How to Smoke Sausage Fatties
It’s been on my heart for a long time to share with you the fattening delights of smoked fatties. Here at YSMB, we are all about making barbecue easy and absolutely delicious. This smoked sausage recipe is one of those things. It couldn’t be easier and the results are astounding. If you are used to eating “fried in the kitchen” sausage, you will probably eat 3 times as much as normal.
I’m going to start with the finished product to get your mouth going, then dive right into my super simple recipe.
In this example, I used 2-pound Jimmy Dean sausage logs that I found for $1/pound at the surplus grocery store. You can use another brand, but if you go with a low quality meat, it might not turn out the way you expect. Just sayin’.
Simply unwrap them and sprinkle seasoning all over the surface and pat it in a bit. I used Heaven Made Texas Best Brisket Seasoning and his Amazin’ Blazin’ Cajun (made with habanero chile pepper). Michael is a good friend of mine, and we love his seasonings. My wife actually considers his seasonings a staple in the kitchen, so of course, they stay in a handy place.
Getting back to this sausage business, the Meadow Creek Brisket Rub is also perfect on fatties. Or pull a good pork seasoning out of your spice cabinet and get rollin’.
In this example, I seasoned my sausage the night before and covered it in a glass pan to let the seasoning marinate with the meat. This is not necessary, but it can help get more flavor into the meat. Plus, if you want it for breakfast or brunch, it will be a help if you get the meat seasoned and ready the night before. Then you can pop it on the smoker the next morning while you still have one eye closed.
Run your barbecue smoker at 225-250 degrees. (Somewhere in there.)
Here I am using my Meadow Creek SQ36 Smoker. It makes the job easy and should last more than a lifetime. But smoked sausage like this is very forgiving, so you shouldn’t have a problem on any kind of smoker. Even using a plain ole Weber Kettle with the fire on one side and the meat on the other right (by your top vent).
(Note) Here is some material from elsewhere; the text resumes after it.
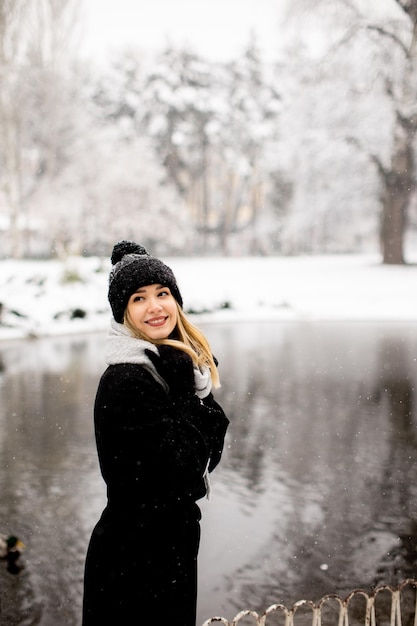 Young woman in warm clothes enjoying in snow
Take the sausage up to about 170-180 degrees internal temperature. You can pull it off at 165, but I think I prefer a little more of a crust. This is completely preference though.
You may be wondering, “How long does it take to cook these fatties?” Mine were done in a tad over 2 hours. This will vary depending on your pit temp and the weather. I wouldn’t be surprised they could get done in 1.5 hours if you cook 1 pound pieces and keep the fire well tended. My problem was I wasted some time in the beginning with wet wood.
Ain’t that just beautiful?
It passed the test taste. And I am sure yours will too—if you do it the easy way.